Des centaines d'heures que Julie
Bertucelli a filmées dans cette classe de CLA (Classe d'accueil
pour primo arrivants au sein d'un collège), la réalisatrice
aurait pu probablement en tirer plusieurs films, tant les sujets
abordés sont nombreux et pleins d'interrogations. Entre autres,
la question de l'origine, celle de la différence, du regard
des autres, l'inquiétude face à l'avenir, les confrontations
entre les religions, les raisons des différents exils, l'amitié
possible ou au moins le rapprochement entre des personnes qui n'auraient
jamais pu se rencontrer sans leur émigration,...
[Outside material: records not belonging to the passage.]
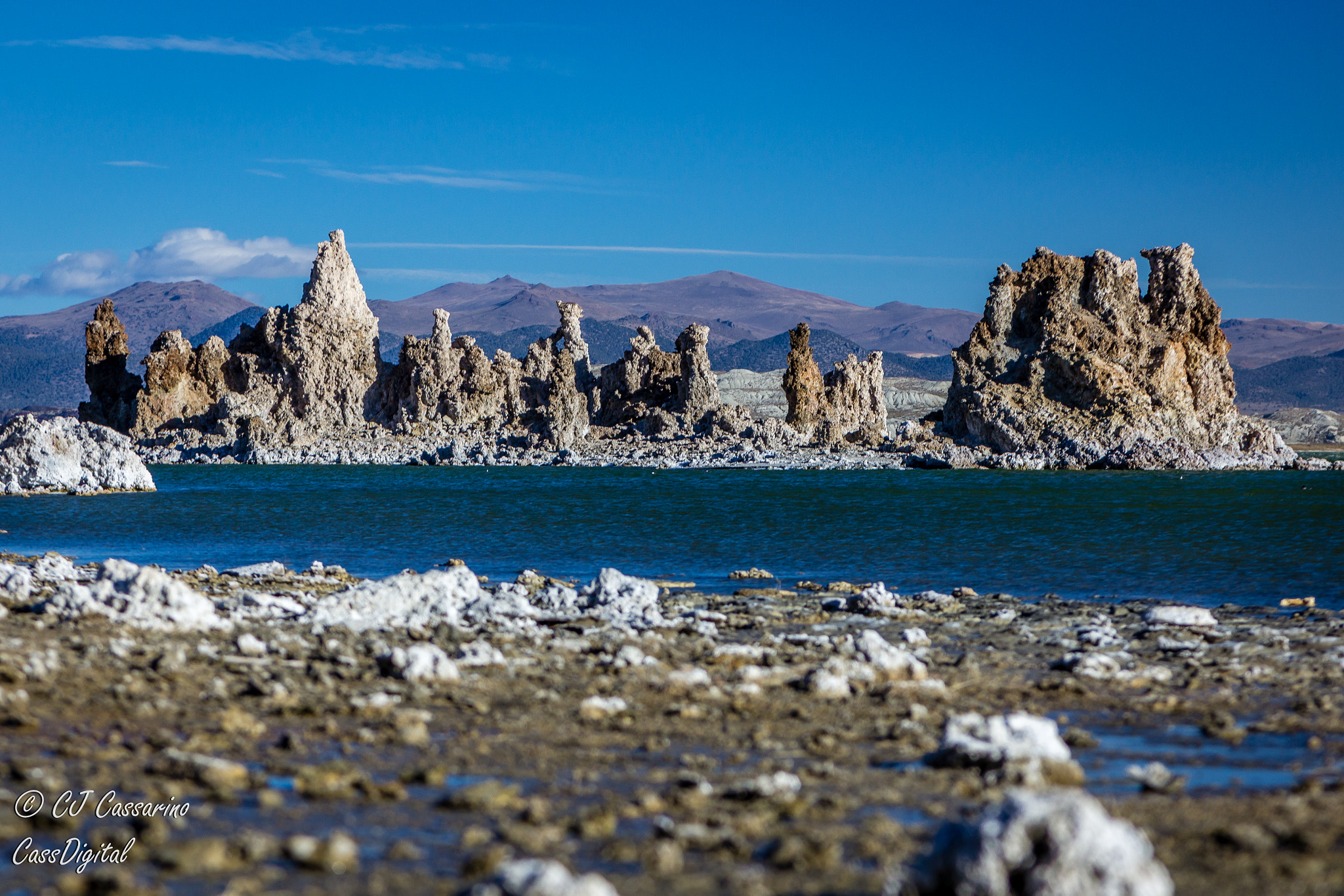 Canon EF 28-135mm F3.5-5.6 IS USM sample photo. Mono lake in the morning photography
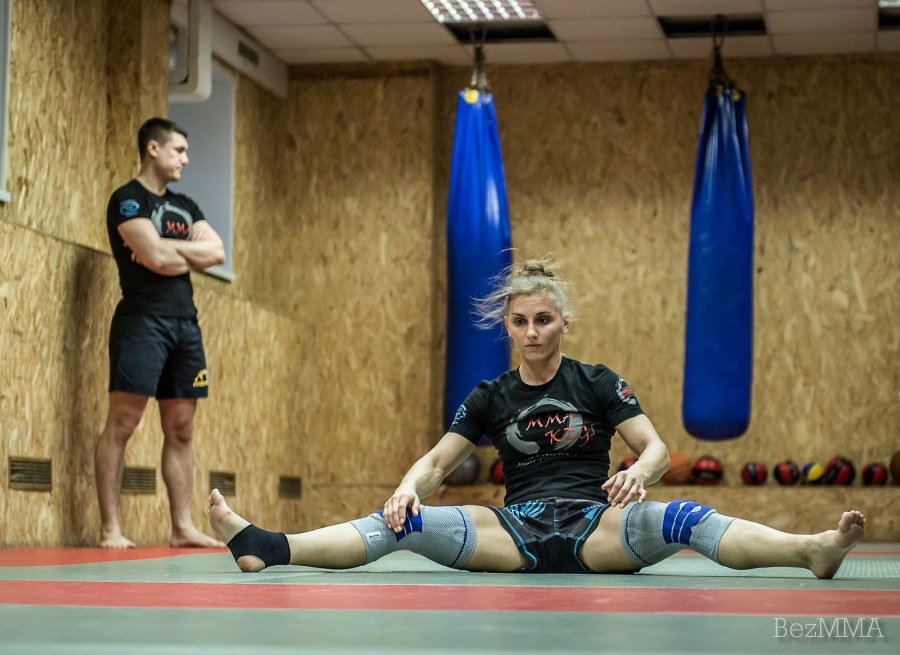 Александра Албу feet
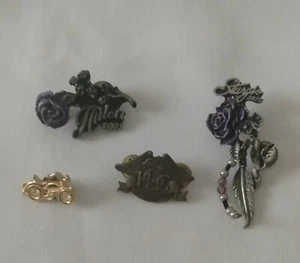 Lotto di 4 spille moto d'epoca - Foto 1 di 11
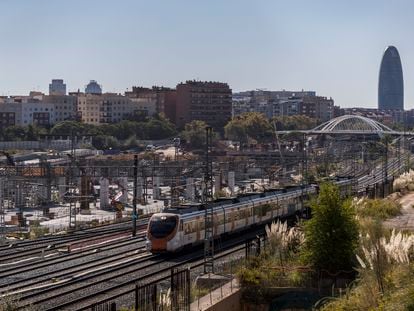Un tren de Cercanías, en octubre de 2020, en Barcelona.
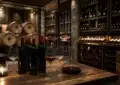 Vigneron dégustant des vins pour choisir un cours d'œnologie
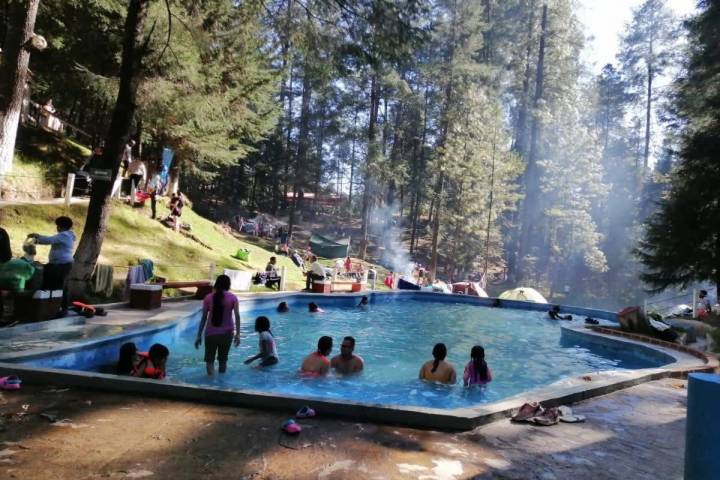 Michoacán invita a refrescarse en sus más de 400 balnearios y playas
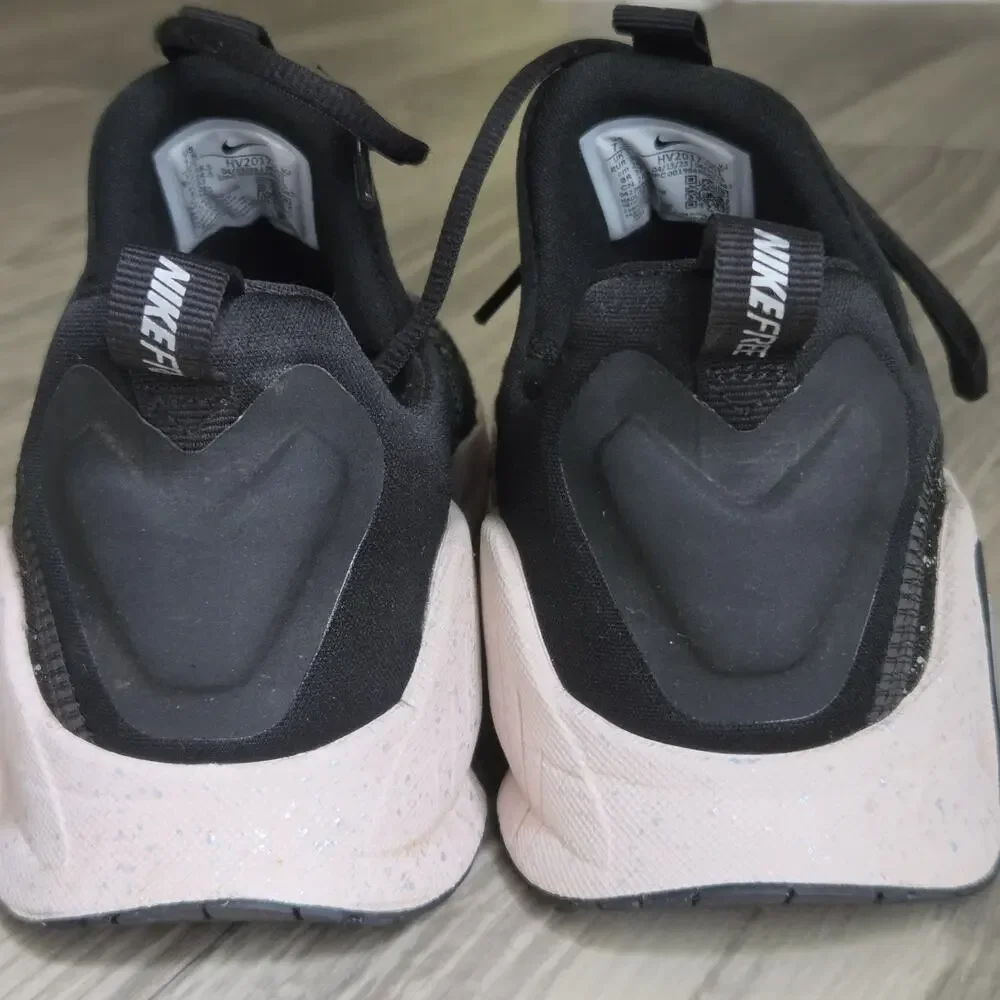 Nike women size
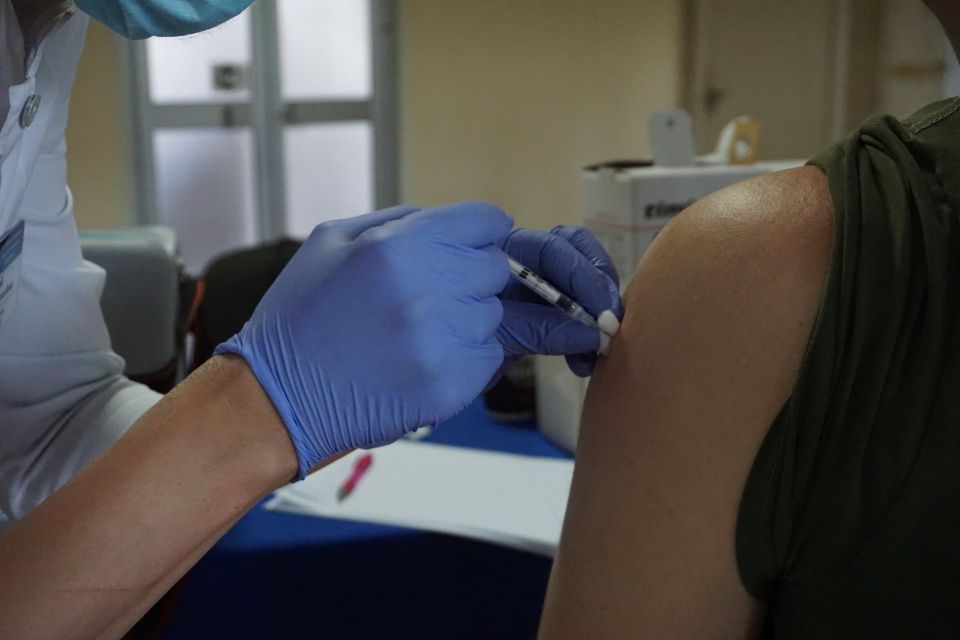 Тернопіль отримав 3000 доз протиковідної вакцини Comirnaty від Pfizer-BioNTech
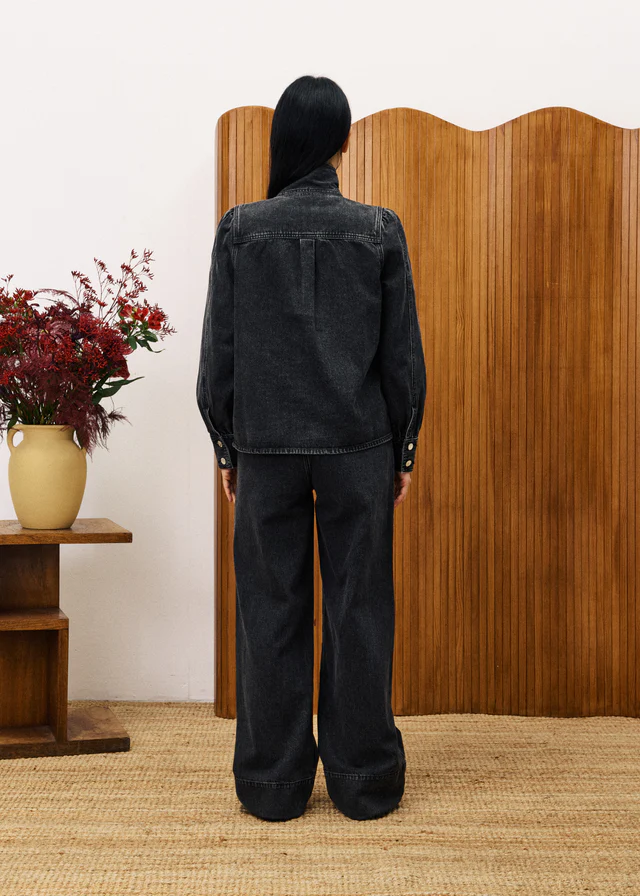 CLARKIA Black Jeans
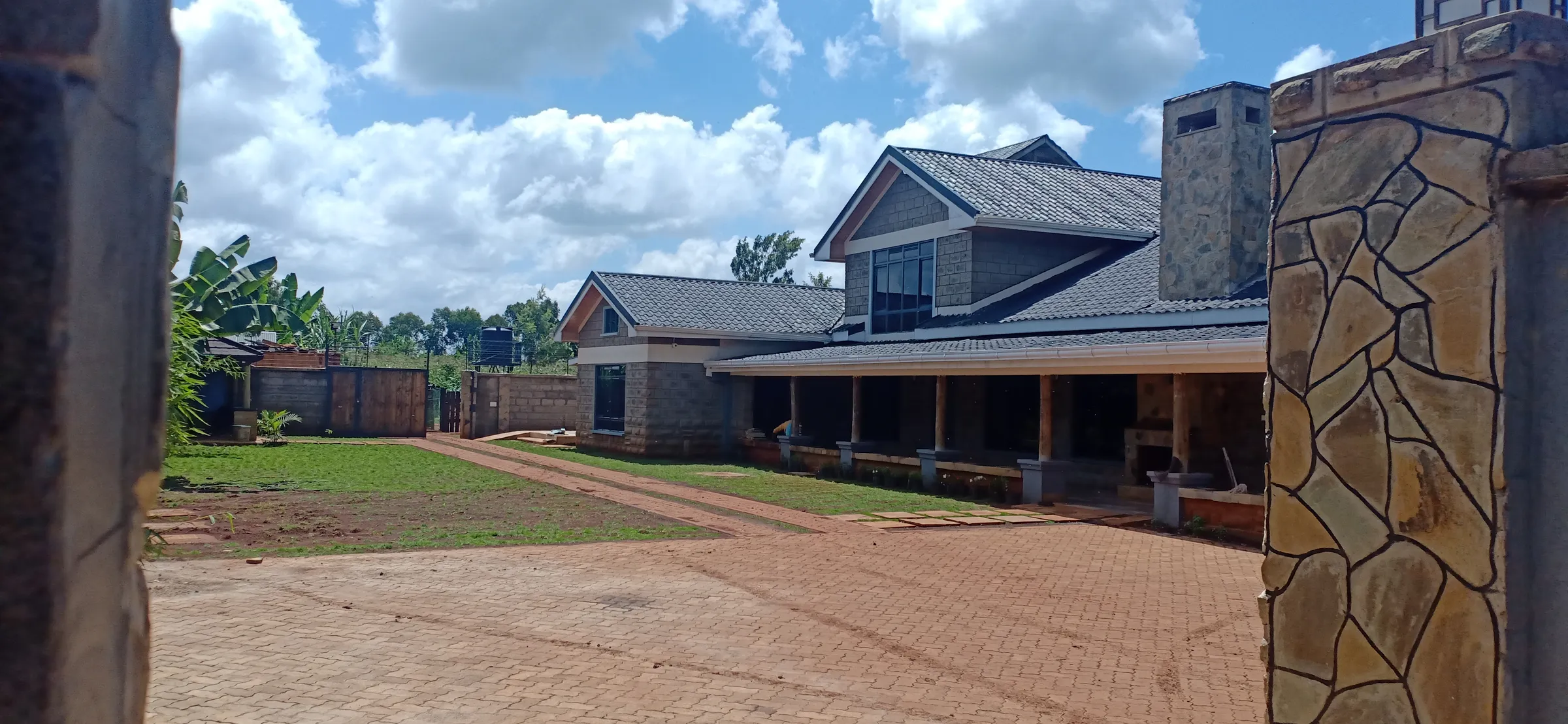 House Kuro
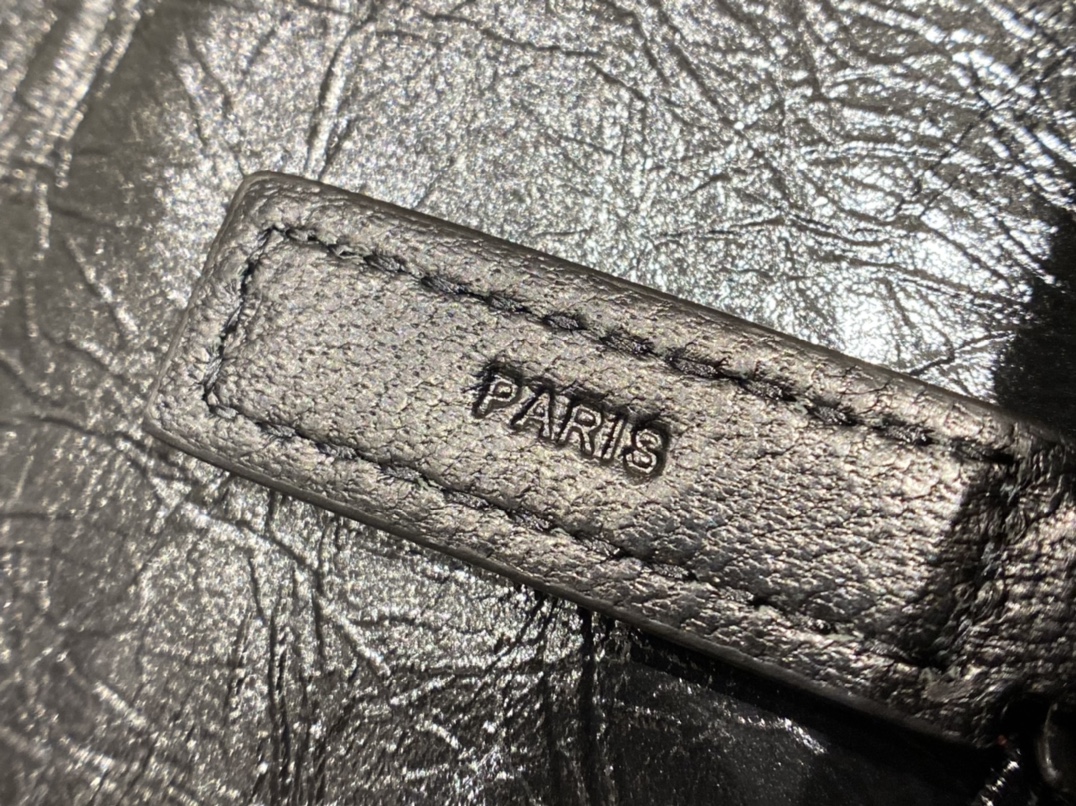 YSL 𝐍𝐢𝐤𝐢 28𝐜𝐦 邮差包 633158黑色/黑链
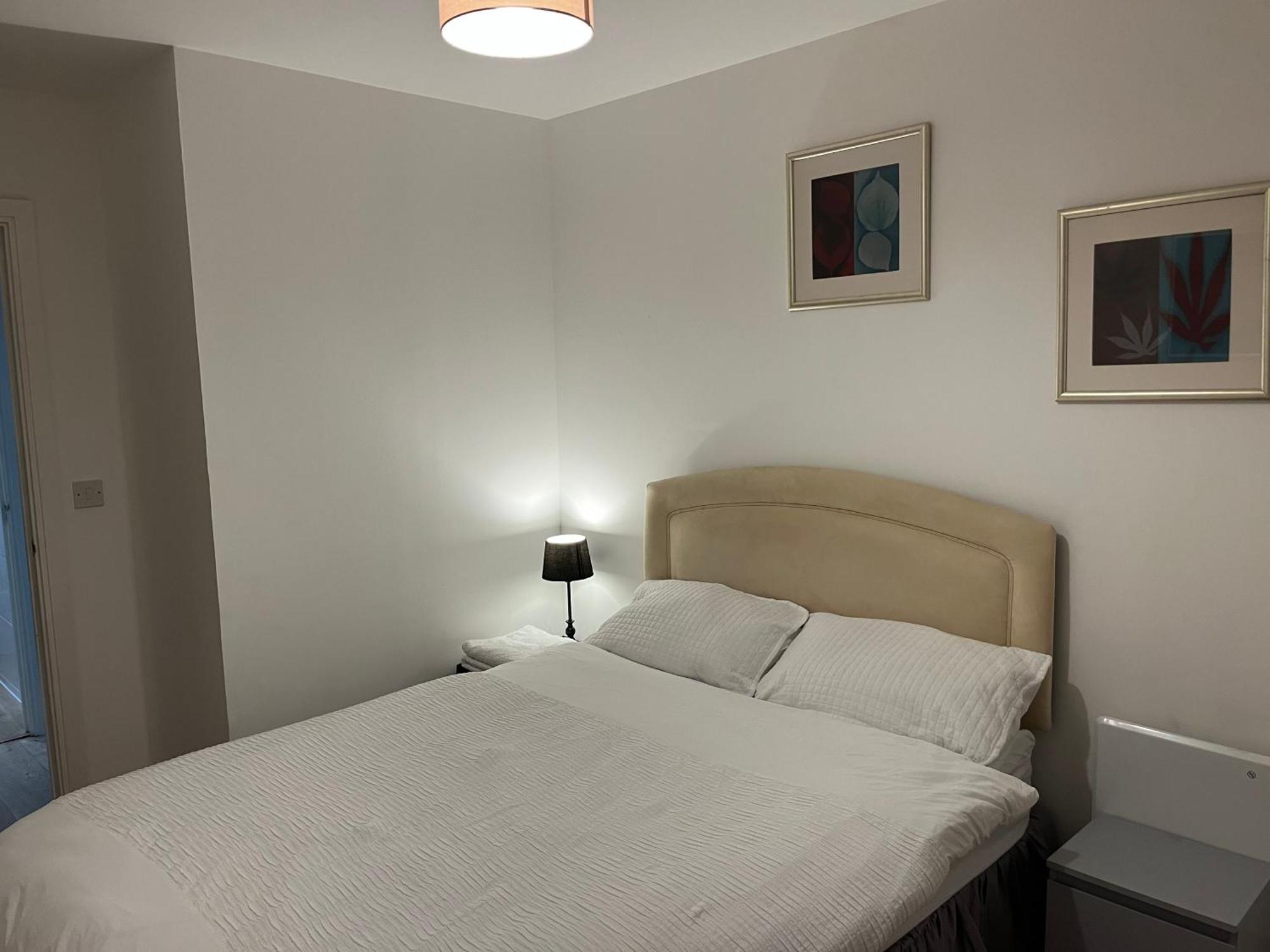 Апартаменты North Acton Flat Лондон Экстерьер фото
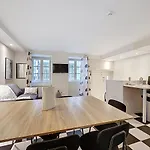 Charme & Cachet T3 Atypique, Centre Historique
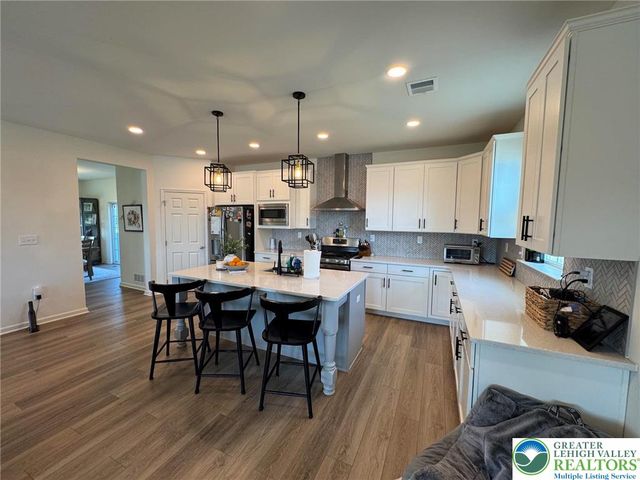 5052 Bellflower Drive, North Whitehall Twp, PA 18078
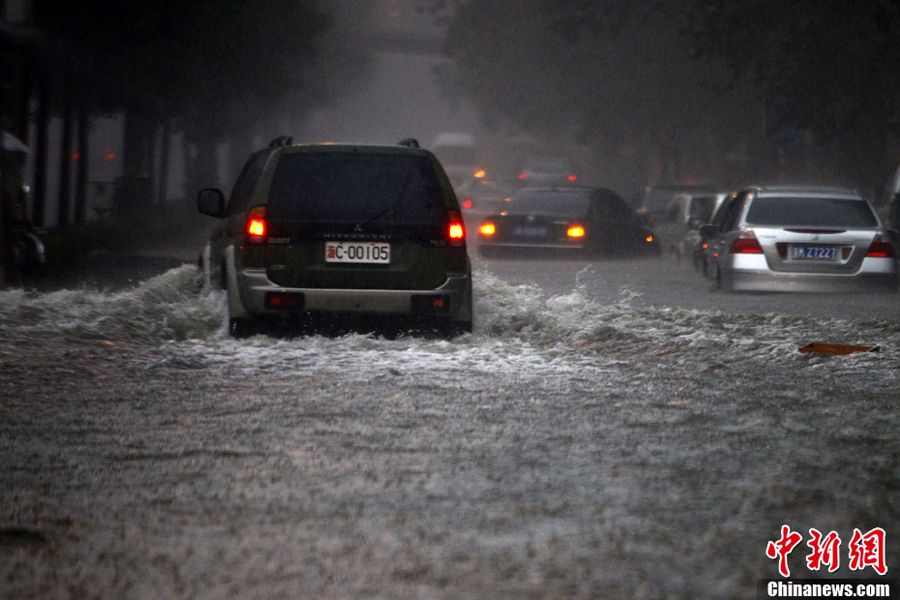 6月23日，北京，一辆汽车在水中行驶。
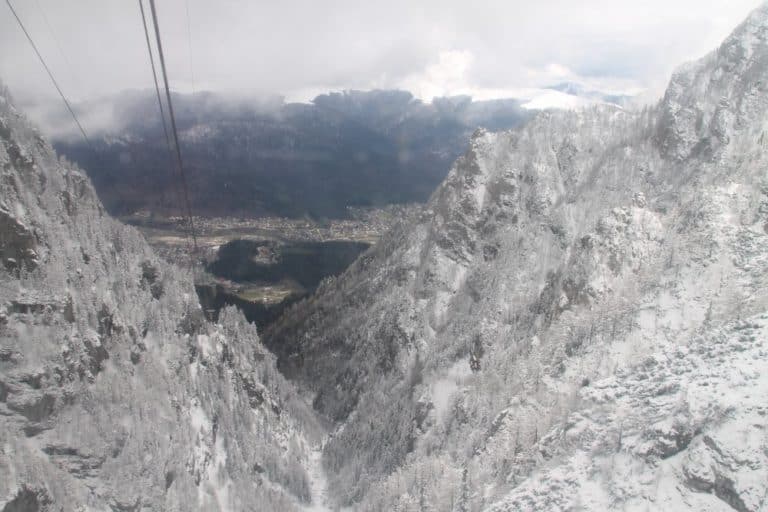 Romania, Busteni – back to lower world, Apr. 2014 (Sinaia)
Tout cela n'est sans doute qu'effleuré, parfois juste évoqué,
avec pudeur la plupart du temps, mais également avec des
éclats de vie, de colère, de joie aussi, qui peuvent
prendre le spectateur par surprise et lui provoquer des émotions
fortes. Il ne s'agit en aucun cas d'un documentaire de type télévisuel,
informatif, qui exposerait de façon claire et précise
le fonctionnement d'une telle structure d'accueil. On est bien plus
dans le ressenti, dans la volonté de montrer des moments
un peu étonnants, des regards perdus ou bienveillants, d'écouter
la parole de ceux qui apprennent à la manier pour dire des
choses essentielles. On peut en sortir avec la frustration de n'avoir
pas vu comment tout cela s'articule, quel est le travail du professeur
et toutes sortes de questions sans réponses sur le vécu
de ces jeunes. On peut aussi y trouver de multiples raisons d'espérer,
la mixité des origines fait des miracles humains. L'objectif
commun est celui d'apprendre le français, et les échanges
qui se créent naturellement finissent par enrichir les parcours
de chacun, même si pour certains cela passe par de la douleur
et de la colère. On les quitte en fin de projection avec
beaucoup d'émotion, et plutôt le sourire aux lèvres.